Banyak dalam komunitas lokal di Indonesia, perempuan berperan ganda sebagai pengelola rumah tangga dan agen perubahan di komunitas mereka. Oleh karena itu, memberdayakan perempuan dalam transisi energi lokal adalah langkah penting untuk mencapai keadilan sosial dan keberlanjutan lingkungan.

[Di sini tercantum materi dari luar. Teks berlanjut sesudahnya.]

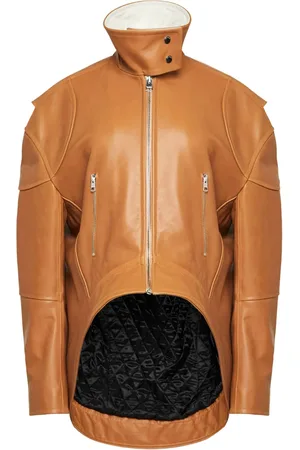 J.W.Anderson Curved-hem high-neck leather jacket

Peran Tradisional Perempuan dalam Energi Lokal
Perempuan  Indonesia di banyak wilayah pedesaan, sering kali menjadi penanggung jawab utama dalam pengelolaan energi rumah tangga. Mereka terlibat dalam pengumpulan bahan bakar tradisional seperti kayu bakar, yang tidak hanya membebani secara fisik tetapi juga memiliki dampak lingkungan dan kesehatan yang merugikan. Misalnya, polusi udara dalam ruangan akibat penggunaan kayu bakar atau arang untuk memasak dapat menyebabkan penyakit pernapasan yang serius.
Di sisi lain, keterlibatan perempuan dalam aktivitas energi tradisional ini memberikan mereka pengetahuan yang mendalam tentang kebutuhan energi rumah tangga dan potensi lokal. Mereka memiliki keterampilan dalam mengelola sumber daya dengan cara yang efisien dan ekonomis. Memanfaatkan pengetahuan tradisional ini dalam konteks transisi energi modern bisa menjadi kunci untuk pengembangan solusi energi yang berkelanjutan dan relevan secara lokal.

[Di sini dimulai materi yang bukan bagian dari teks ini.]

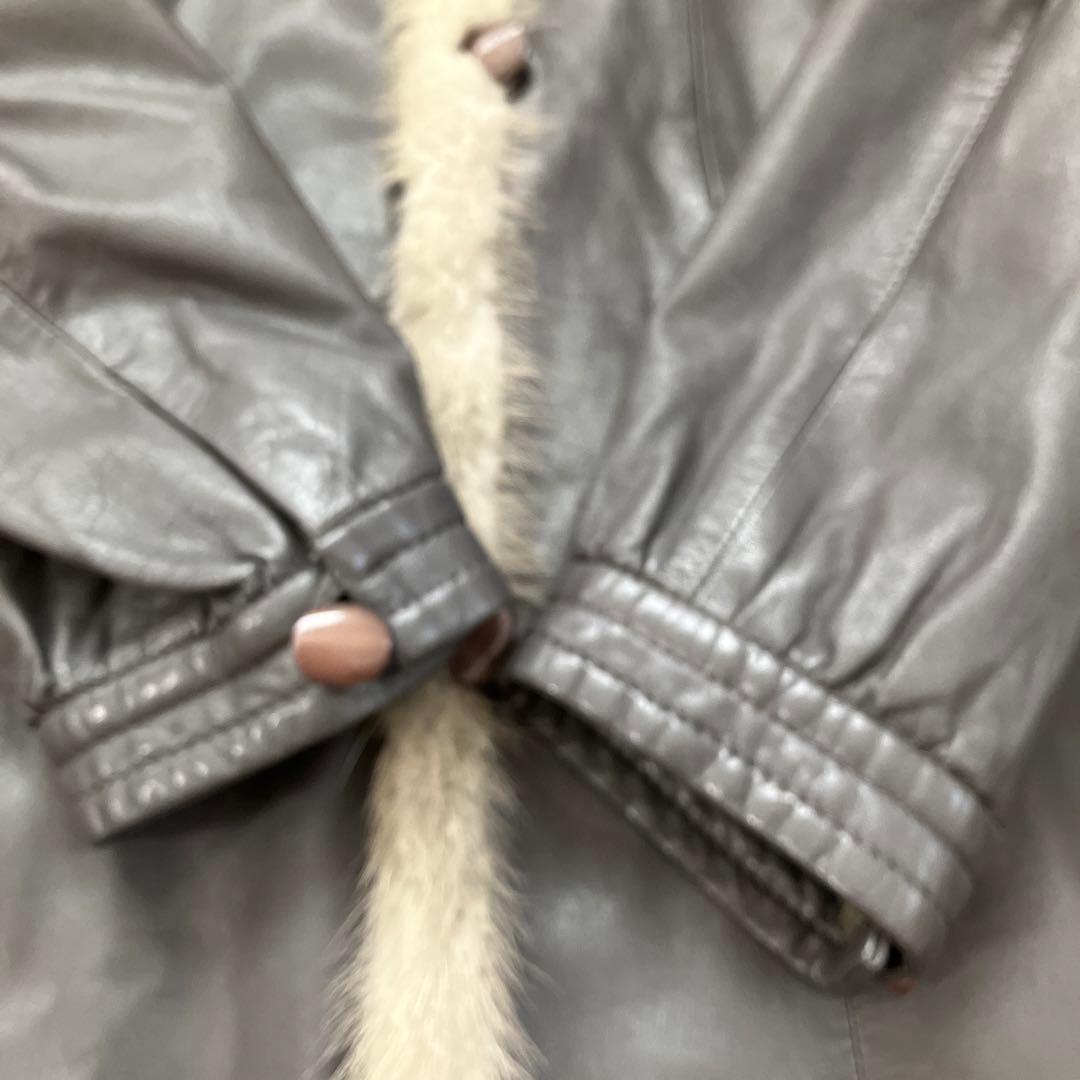 11.13 partna パルティナ ミンクファー使いレザーコート グレー 11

Integrasi Teknologi: Pemberdayaan Perempuan sebagai Agen Perubahan
Transisi ke sumber energi yang lebih bersih seperti tenaga surya, biomassa, atau angin memerlukan adopsi teknologi baru. Perempuan, sebagai pengelola energi rumah tangga, memiliki peran vital dalam mengadopsi dan menyebarkan teknologi ini di komunitas mereka. Pemberdayaan perempuan melalui pelatihan teknis dan pendidikan energi dapat mendorong mereka untuk menjadi agen perubahan yang efektif.
Contoh Kasus: Pemanfaatan Teknologi Energi Terbarukan oleh Perempuan di Lombok
Di Lombok, perempuan lokal terlibat dalam proyek pembangunan Pembangkit Listrik Tenaga Surya (PLTS) di desa mereka. Mereka dilatih untuk memasang dan merawat panel surya, serta mengelola sistem distribusi energi. Proyek ini tidak hanya meningkatkan akses ke energi bersih tetapi juga memberdayakan perempuan dengan keterampilan teknis dan manajerial, yang sebelumnya didominasi oleh laki-laki.

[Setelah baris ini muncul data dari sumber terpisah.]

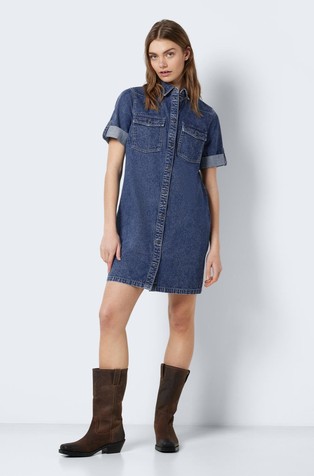 NOISY MAY NMNEW kratka denim obleka Modra - Medium Blue 3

Transisi Energi yang Berkeadilan: Memprioritaskan Kelompok Rentan
Kelompok rentan, termasuk masyarakat miskin, perempuan, dan anak-anak, sering kali terpinggirkan dalam proses pembangunan energi. Dalam transisi energi, penting untuk memastikan bahwa kelompok-kelompok ini tidak hanya menjadi penerima manfaat tetapi juga memiliki peran aktif dan suara dalam pengambilan keputusan. Ini dapat dicapai melalui pendekatan partisipatif yang inklusif, memastikan bahwa kebutuhan dan perspektif mereka diintegrasikan dalam perencanaan dan pelaksanaan proyek energi.